During the election year, the government presents Vote on Account for the limited period. Usually the budget is cleared till July.
”Pre-budget meetings chaired by secretary (Expenditure) shall commence on October 10, 2022,” according to the Budget Circular (2023-24) of the Budget Division of the Department of Economic Affairs dated September 6, 2022.
”Financial advisers should ensure that the necessary details required in the appendices I to VII are properly entered. Hard copies of the data along with specified formats should be submitted for cross-verification,” the circular added.
The Budget Estimates for 2023-24 will be provisionally finalised after completion of pre-budget meetings, it said, adding, RE (Revised Estimate) meetings continue till around mid-November, 2022.
”All the ministries/departments should submit details of autonomous bodies/ implementing agencies, for which a dedicated corpus fund has been created. The reasons for their continuance and requirement of grant-in-aid support, and why the same should not be wound up, should be explained,” it said.
As a follow up action on National Monetisation Pipeline, it said, departments may be required to explain progress in asset monetisation.
The Budget 2022-23 is likely to be presented on February 1 during the first half of the Parliament’s Budget session which usually begins in the last week of January every year.

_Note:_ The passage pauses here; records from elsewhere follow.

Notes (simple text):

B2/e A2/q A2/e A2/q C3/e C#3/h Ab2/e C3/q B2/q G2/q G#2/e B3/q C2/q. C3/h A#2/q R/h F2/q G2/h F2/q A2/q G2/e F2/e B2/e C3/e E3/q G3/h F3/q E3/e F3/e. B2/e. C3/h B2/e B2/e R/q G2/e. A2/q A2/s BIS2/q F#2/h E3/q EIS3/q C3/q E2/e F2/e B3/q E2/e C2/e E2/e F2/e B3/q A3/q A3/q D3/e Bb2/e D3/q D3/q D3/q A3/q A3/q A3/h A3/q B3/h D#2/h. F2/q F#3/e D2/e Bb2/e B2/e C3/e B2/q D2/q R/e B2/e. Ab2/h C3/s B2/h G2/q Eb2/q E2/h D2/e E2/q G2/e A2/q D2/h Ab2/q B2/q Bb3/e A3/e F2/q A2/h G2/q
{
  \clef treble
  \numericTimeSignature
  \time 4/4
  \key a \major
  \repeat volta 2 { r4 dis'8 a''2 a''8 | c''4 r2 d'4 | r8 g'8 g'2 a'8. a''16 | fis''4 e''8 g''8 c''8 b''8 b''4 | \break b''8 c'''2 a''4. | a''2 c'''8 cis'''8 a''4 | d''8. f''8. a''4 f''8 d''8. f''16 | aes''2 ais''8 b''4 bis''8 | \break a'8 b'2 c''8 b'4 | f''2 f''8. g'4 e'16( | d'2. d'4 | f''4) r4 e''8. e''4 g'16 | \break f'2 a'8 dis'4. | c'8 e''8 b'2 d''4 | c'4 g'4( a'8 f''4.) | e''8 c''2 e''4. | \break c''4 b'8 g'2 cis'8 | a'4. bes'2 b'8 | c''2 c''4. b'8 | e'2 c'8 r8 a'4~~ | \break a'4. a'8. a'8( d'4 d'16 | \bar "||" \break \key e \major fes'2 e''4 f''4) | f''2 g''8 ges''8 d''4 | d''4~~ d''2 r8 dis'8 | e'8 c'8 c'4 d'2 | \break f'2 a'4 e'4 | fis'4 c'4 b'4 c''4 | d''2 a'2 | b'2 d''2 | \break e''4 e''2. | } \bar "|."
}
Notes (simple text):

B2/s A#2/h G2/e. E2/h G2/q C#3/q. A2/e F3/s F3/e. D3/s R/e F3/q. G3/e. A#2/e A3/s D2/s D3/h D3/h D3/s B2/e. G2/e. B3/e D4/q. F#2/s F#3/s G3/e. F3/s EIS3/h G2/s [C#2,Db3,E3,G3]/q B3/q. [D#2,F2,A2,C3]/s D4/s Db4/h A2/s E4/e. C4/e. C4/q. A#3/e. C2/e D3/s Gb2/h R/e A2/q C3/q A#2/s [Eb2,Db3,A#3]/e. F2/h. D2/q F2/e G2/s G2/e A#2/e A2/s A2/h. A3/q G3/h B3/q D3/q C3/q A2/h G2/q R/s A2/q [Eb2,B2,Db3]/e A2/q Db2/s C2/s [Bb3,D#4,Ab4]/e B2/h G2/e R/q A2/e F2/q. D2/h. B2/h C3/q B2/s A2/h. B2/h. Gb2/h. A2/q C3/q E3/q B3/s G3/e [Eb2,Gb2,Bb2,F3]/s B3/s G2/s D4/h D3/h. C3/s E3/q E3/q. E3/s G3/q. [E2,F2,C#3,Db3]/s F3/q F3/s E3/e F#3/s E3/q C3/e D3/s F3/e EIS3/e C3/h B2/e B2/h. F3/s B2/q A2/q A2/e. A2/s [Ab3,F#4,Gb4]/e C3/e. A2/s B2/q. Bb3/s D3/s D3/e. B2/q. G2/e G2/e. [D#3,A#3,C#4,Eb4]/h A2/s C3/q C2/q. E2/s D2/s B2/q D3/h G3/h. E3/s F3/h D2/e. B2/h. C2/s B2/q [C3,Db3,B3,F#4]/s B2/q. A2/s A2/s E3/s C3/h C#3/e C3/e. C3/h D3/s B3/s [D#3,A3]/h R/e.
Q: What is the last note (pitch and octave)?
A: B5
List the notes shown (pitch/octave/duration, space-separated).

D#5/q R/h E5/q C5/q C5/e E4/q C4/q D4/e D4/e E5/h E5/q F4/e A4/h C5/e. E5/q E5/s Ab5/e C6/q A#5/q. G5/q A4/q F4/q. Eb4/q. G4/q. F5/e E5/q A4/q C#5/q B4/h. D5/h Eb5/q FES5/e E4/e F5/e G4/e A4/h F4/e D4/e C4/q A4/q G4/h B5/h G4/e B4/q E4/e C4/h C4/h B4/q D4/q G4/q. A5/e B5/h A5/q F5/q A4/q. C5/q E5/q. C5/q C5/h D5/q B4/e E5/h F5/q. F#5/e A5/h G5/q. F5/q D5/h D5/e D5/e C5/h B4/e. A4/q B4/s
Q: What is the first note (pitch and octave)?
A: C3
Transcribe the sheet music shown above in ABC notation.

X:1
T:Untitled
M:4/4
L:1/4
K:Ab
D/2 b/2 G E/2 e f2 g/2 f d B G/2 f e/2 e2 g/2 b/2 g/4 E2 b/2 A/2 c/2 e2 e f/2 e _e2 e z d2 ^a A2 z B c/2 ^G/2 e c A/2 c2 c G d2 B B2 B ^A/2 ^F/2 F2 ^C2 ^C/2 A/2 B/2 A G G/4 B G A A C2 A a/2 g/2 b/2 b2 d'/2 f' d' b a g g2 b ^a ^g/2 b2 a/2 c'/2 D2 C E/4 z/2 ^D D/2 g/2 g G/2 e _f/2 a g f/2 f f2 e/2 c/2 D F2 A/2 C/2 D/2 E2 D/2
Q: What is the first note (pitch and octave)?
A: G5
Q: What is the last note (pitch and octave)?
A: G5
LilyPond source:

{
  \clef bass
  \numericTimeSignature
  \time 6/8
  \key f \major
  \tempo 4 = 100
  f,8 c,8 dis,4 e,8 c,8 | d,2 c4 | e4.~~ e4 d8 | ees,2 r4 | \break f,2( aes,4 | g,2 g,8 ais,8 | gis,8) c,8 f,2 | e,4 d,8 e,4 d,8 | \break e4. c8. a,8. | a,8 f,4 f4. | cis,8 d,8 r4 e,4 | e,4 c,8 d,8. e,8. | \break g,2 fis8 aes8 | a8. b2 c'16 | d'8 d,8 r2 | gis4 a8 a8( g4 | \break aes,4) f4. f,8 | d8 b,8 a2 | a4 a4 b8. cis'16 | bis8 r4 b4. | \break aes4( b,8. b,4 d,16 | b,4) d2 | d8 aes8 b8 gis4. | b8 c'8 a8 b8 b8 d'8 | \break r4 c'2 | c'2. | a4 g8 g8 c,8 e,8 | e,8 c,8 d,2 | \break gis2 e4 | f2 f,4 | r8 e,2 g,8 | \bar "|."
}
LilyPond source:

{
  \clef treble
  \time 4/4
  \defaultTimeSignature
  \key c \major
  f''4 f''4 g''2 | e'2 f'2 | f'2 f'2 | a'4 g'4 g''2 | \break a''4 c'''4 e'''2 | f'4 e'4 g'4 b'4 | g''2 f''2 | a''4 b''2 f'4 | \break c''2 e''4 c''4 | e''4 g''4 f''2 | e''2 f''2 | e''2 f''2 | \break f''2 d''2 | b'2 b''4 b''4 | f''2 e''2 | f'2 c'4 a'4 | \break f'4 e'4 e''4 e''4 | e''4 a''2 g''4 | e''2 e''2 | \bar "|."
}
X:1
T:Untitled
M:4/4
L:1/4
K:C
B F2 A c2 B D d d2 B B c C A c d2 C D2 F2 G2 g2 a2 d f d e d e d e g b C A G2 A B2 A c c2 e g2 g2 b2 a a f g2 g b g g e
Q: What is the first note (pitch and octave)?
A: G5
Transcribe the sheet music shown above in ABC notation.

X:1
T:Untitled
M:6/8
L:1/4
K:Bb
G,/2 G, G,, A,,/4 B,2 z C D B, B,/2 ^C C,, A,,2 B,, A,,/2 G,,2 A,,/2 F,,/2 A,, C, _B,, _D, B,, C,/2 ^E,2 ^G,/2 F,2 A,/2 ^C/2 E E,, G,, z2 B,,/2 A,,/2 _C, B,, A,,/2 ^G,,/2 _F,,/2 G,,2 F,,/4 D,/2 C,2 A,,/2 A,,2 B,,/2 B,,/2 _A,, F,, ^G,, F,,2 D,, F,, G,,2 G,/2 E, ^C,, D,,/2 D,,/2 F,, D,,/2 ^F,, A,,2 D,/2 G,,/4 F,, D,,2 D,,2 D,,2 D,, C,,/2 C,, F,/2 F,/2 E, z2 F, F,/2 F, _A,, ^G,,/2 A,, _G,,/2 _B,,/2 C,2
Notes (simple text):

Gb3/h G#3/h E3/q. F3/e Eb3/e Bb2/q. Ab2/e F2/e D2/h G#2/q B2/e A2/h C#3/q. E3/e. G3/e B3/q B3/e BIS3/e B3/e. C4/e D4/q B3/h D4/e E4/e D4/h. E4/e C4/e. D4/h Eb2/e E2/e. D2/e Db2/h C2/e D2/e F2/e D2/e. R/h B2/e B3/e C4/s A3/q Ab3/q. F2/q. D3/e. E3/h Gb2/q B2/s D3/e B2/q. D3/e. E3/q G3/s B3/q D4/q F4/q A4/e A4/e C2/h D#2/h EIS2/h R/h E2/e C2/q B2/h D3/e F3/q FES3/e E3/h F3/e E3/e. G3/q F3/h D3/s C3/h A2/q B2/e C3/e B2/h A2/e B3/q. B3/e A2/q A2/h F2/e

The Budget for the current fiscal had projected a growth rate of about 7-7.5 per cent in real terms while fiscal deficit was pegged at 6.4 per cent of the gross domestic product (GDP).
Prime Minister Narendra Modi-led government scrapped a colonial-era tradition of presenting the Budget at the end of February. The then finance minister Arun Jaitley had for the first time presented the annual accounts on February 1, 2017.
With the preponement of the Budget, ministries are now allocated their budgeted funds from the start of the financial year beginning April. This gives government departments more leeway to spend as well as allow companies time to adapt to business and taxation plans.
Previously, when the Budget was presented at the end of February, the three-stage Parliament approval process used to get completed some time in mid-May, weeks ahead of onset of monsoon rains.
This meant government departments would start spending on projects only from August-end or September, after the monsoon season ended.